The number of non-differentiable points for the function $f(x) = \min\left\{x - \lfloor x \rfloor, 1 - x + \lfloor x \rfloor\right\}$ in $(-2, 2)$ is ($\lfloor x \rfloor$ represents integral part of $x$)

• A. 0
• B. 3
• C. 5
• D. 7

Hint:

For piecewise-defined functions with floor/ceiling/min/max, check for breakpoints to count non-differentiable points.

Answer 1

The Correct Option is D

To determine the number of non-differentiable points for the given function \( f(x) = \min\{x - \lfloor x \rfloor, 1 - x + \lfloor x \rfloor\} \) in the interval \((-2, 2)\), we first analyze the components. The function is defined as the minimum of two expressions:

• \(x - \lfloor x \rfloor = \{ x \}\), which represents the fractional part of \(x\).
• \(1 - x + \lfloor x \rfloor = 1 - \{ x \}\).

We express \(f(x)\) as:

\(f(x) = \min(\{x\}, 1 - \{x\})\)

The function alternates between these two values based on \(\{x\}\). The critical points occur when \(\{x\} = 0.5\) because:

• For \(\{x\} < 0.5\), \(f(x) = \{x\}\).
• For \(\{x\} > 0.5\), \(f(x) = 1 - \{x\}\).
• For \(\{x\} = 0.5\), both are equal, so function is continuous.

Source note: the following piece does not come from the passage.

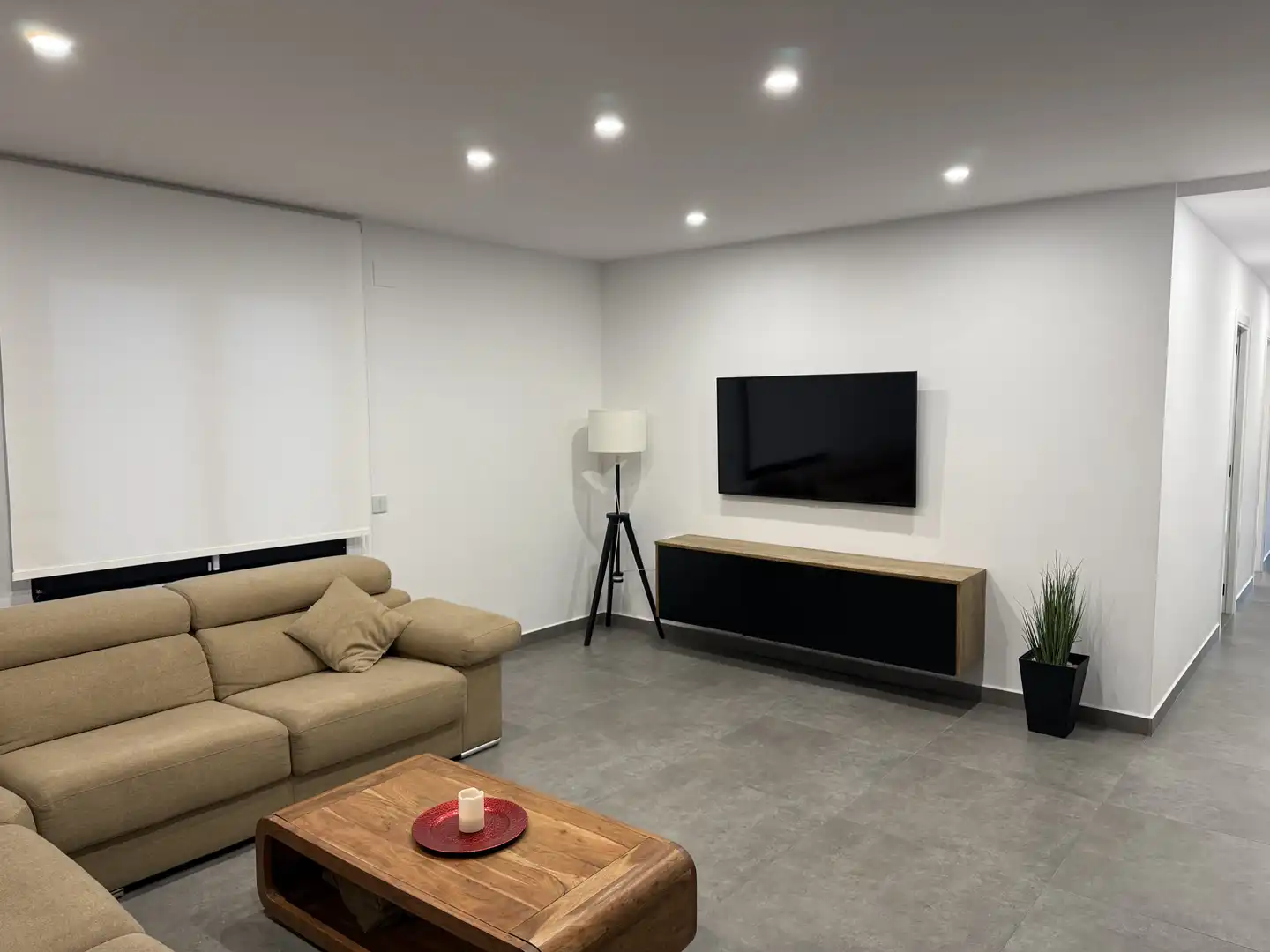Chalet en  Carrer de Beniflà 7 - Foto 6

Differentiability can be compromised at transitions occurring at half-integers within the range. Therefore, we identify such points:

1. Half-integers: \(-1.5, -0.5, 0.5, 1.5\).
2. Integers (since floor function changes): \(-2, -1, 0, 1\).

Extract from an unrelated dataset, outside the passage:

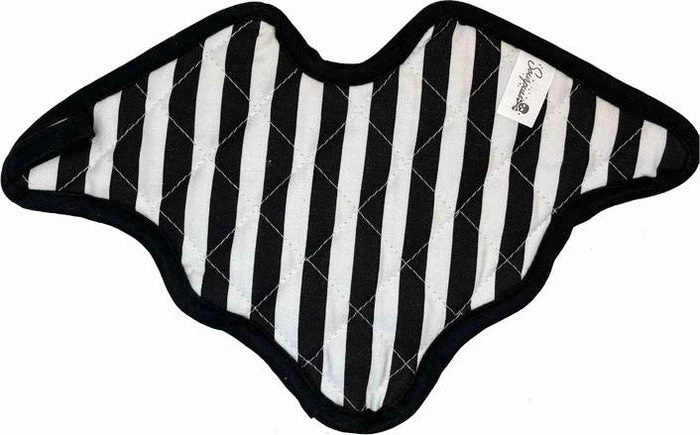 Best Sale π SOURPUSS Luna Bats | POT HOLDER* 𧨠4 Best Sale π SOURPUSS Luna Bats | POT HOLDER* 𧨠- Image 2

Examining \((-2, 2)\), the function is non-differentiable at points where fractional or integral parts change, as differentiability is affected at crucial transitions: Point list: \(-1\), \(-0.5\), \(-1.5\), \(0\), \(0.5\), \(1\), \(1.5\). Thus, there are 7 non-differentiable points in \((-2, 2)\).